Friday, January 02, 2009

WARNING!!!!

If you are not in shape, and have not exercised in a hot minute, and want to play a few rounds of boxing on that Wii game, then I have a newsflash for your ass....

While the game is extremely fun, you will wake up the next morning with serious muscle pains all over your damn body. This is no joke. I suggest stretching for ten minutes prior to playing a game of Wii, and be sure to have a generous amount of water nearby to prevent exhaustion.

That damn golf get off...I've learned a thing or two about the game, and now I'm ready to buy some golf clubs and hit the course.

Thursday, January 01, 2009

And Another One

First, let me start by saying Happy New Year's to everybody. I didn't do too much to bring in the new year. My sister and I bought fireworks, put together some finger foods, bought some bottles for popping once the clock struck twelve, and we had a nice time. I brought in the new year with my family and played a few games on my nephew's Wii. I had fun with the bowling and golf games. I left there with the inspiration to buy my own Wii game. I made phone calls and sent texts to people I care most about to tell them Happy New Year's. I updated my Facebook to tell my Facebook friends Happy New Year's. If you didn't hear from me, then that means one of two things. Either I don't have your number, or you don't mean shit to me. Oh don't fell bad, it's nothing personal. Out of sight means out of mind to me. That will never change.
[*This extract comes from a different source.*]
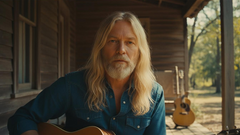 Gregg Allman like you’ve never seen him: where to watch The Music of My Soul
In hindsight of 2008, I'm realizing that the year flew by. I can only imagine how quickly 2009 will pass. In evaluation of myself on a scale of one to ten, I'll give myself only a six. I wasn't a good person last year, nor was I a good friend to many. In fact, I've allowed some people to exit my life without any explanation of my behavior. But what I have come to realize is that those who I've allowed to walk away, I don't think I really wanted them in my life in the first place. They were only there due to some extension of me. Not because they were a part of me. There's a difference. It all became too complicated. Too many people knew too much about me, and that was a huge problem for me. I've never been one to keep a large circle, but somewhere along the way the circle developed into having too many people on the inside. The more people in my circle, the easier it was for them to criticize me or my behavior amongst others in the circle as well. That too was a problem. The circle has now been reduced accordingly, so most are back on the outside looking in. For their sake, I hope the temperature doesn't drop any lower than what it is.